このようなご質問を受けることがあります。
ストレッチをとにかくいっぱいやって身体を柔らかくするのが良いのか、それとも筋トレが良いのか…
そういったことを色々考えられて、何が良いんだろう?と疑問に思われることは少なくありません。


そんなとき、私はこう答えています。


「多様な運動感覚を身体に経験させてあげることと、足裏の感覚を鍛えることです」


幼児期から就学期のあたりにかけて必要なこと、それは何よりも全身の運動感覚を養うこと。
ざっくり言うと、身体をたくさん使う経験をさせてあげることです。
そして身体を支える土台となる、”足裏”の知覚を発達させること。


身体の成長というのは単にサイズの増加だけでなく、そこには機能向上も含まれています。
これは当たり前のことなのですが、それを促すのか、何もしないのかでは発達に大きな差異が生まれます。

身体機能というのは成長とともに自然に伴っていくもの。
洋服のボタンがかけられるようになったり、靴紐が結べるようになったり、ハサミが使えるようになったり。
そういう一つ一つの動作を”できるようになったね”と感じ、それを成長と呼んでいます。
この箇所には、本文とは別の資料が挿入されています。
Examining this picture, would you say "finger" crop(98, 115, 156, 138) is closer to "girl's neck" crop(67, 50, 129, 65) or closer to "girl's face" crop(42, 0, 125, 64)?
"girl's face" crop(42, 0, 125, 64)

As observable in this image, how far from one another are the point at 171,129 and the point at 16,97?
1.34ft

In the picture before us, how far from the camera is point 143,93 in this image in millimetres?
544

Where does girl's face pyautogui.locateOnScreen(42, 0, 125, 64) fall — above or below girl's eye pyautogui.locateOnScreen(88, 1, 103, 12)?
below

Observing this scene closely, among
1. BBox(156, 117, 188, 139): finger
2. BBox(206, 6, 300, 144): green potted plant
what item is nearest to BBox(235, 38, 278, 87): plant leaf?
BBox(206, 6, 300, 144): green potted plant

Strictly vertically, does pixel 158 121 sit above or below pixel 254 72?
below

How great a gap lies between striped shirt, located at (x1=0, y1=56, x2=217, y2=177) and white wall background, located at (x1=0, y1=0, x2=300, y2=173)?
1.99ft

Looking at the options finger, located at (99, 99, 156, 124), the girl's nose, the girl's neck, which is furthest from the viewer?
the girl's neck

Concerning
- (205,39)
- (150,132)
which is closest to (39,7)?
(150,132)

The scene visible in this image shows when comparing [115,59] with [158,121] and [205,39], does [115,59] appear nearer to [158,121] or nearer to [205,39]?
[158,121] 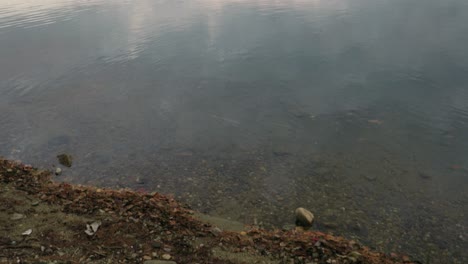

自然に伴っていく動作機能の向上を見守ることはとても大切です。
そしてその向上を促すアプローチを少し取り入れるだけで、成長に伴って身体機能も確実に上がっていきます。

ムリな運動、過度なトレーニングは必要ありません。
『身体を大きく動かすこと』、そして土台となる『足元の感覚を養うこと』。
この2点をまず押さえれば十分です。


こちらは最年少のCクラスのレッスン風景。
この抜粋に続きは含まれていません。